# It's just the little things....



## UWSurfer (Apr 8, 2011)

I checked into HGVC LV Hilton (Karen) yesterday afternoon and experienced a few things that took a bit of the shine off what is normally a stellar experience here. 

No one single thing could even remotely be considered any kind of a big deal, in fact I feel a little foolish mentioning them.  However, when combined it does change the experience particularly when they represent changes from previous stays.  These include:

No welcome home greeting when informing desk clerk I own here.
No owner use of luggage cart.  Must wait for bellboy.
Bellboy delivers me to wrong room (while I was parking the car) and must move after unpacking food.
When asked bellboy for additional plastic pitcher I was instructed to call housekeeping.
No 10% discount any longer on mini-store items on site for owners.
DVD player not displaying or hooked up in bedroom TV, after card on player states that it's wired.
Check-in clerk difficult to hear and understand at times.
Starbucks coffee in room replaced by no name coffee service.
WiFi service a bit flaky.
$5 charge for receiving a small package addressed to me here.
No cute animal made from a towel waiting for me in unit.

Again, all of this is inconsequential for the most part but when taken together it just felt like the bloom is a bit off the rose if you will.   Today when I came in I was greeted very nicely and attended to promptly. 

I'm tempted to write the GM or the board to let them know I notice the change but none of them have an e-mail address to contact them by from what I can tell.    

Do I drop it or pursue it to help keep the quality experience high?


----------



## JDHPE (Apr 8, 2011)

My wife and I make it a common practice to provide feedback at each stay, usually positive, but always honest.  I have had an occasion to call Mark Wong, HGVC President, in Orlando and while I did not talk to him, there are staff people to take our calls and my concern was followed up on expeditiously!

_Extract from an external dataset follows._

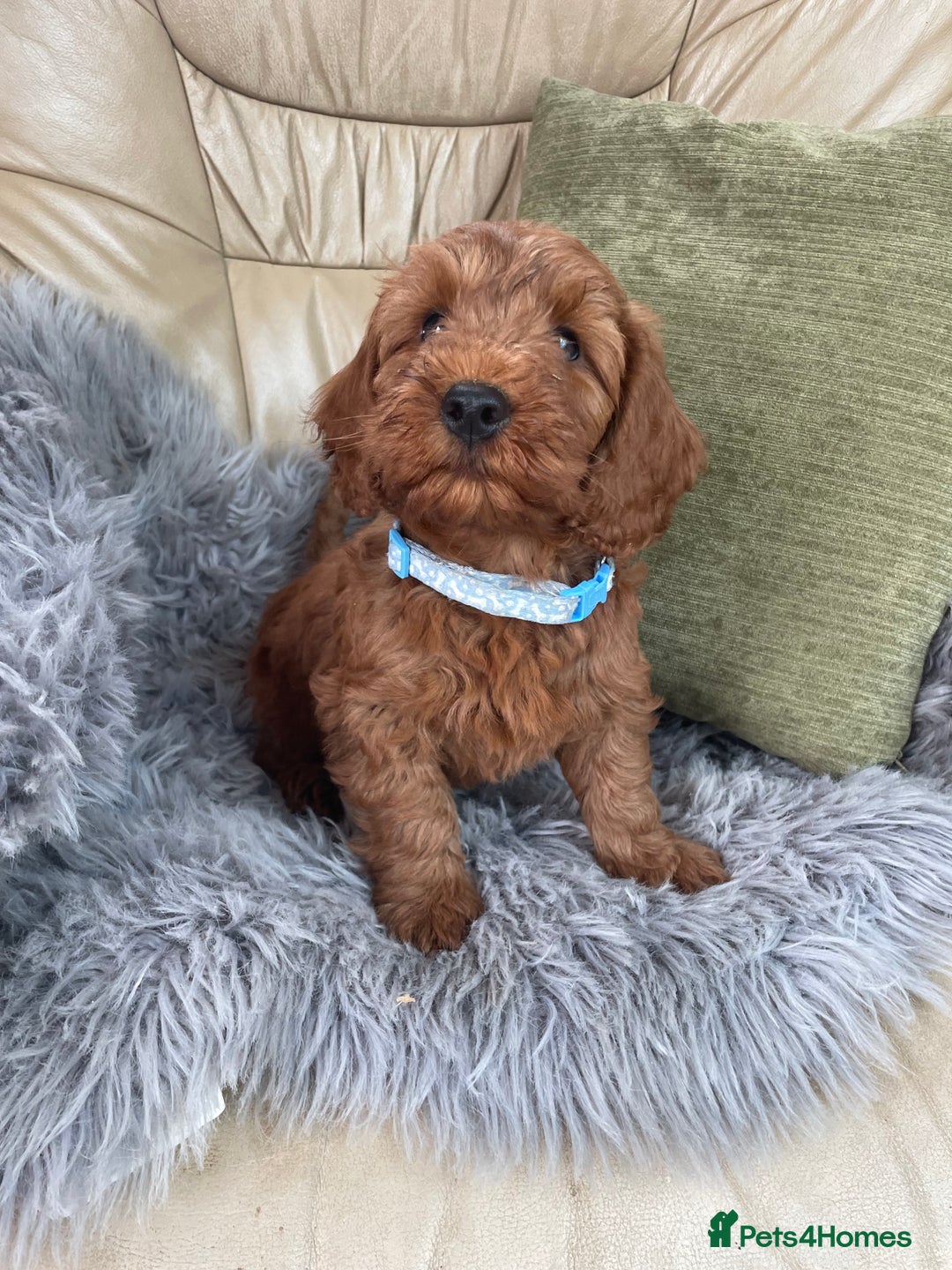 Cavapoo dogs for sale: Stunning boys and girls.  - Image 1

We deserve notice and an explanation for policy changes such as the Owner discount at the mini-store - this is the first I heard of it...

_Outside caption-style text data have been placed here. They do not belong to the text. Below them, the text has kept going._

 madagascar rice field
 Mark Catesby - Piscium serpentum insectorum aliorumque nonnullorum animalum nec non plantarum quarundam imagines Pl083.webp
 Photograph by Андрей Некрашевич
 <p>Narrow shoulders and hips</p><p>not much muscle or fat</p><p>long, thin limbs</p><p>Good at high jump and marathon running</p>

It seems to me that if these things were significant enough to post here, they certainly should be brought to the property GM's attention.  Keep us posted on any feedback, please.

If we accept less, we will receive less.  

I hope the rest of your days are positive!


----------



## linsj (Apr 8, 2011)

UWSurfer said:


> When asked bellboy for additional plastic pitcher I was instructed to call housekeeping.
> 
> No 10% discount any longer on mini-store items on site for owners.
> 
> No cute animal made from a towel waiting for me in unit.



I've never known bellmen to handle housekeeping duties.

The discount has been gone for some time.

The only place I've ever seen animal towels is on a cruise.


----------



## Talent312 (Apr 8, 2011)

Some of these are spot-on and worth a talk with the GM; others, not so much.
-------------------------------
1. No welcome home greeting when informing desk clerk I own here.
A positive. I find unsolicited familiarity from "the help" to be annoying.
Especially annoying are waiters who act as like BFF's and sit down at your table.

2. No owner use of luggage cart.  Must wait for bellboy.
*Agreed.* I know how to operate a luggage cart. Valet parking is annoying, too.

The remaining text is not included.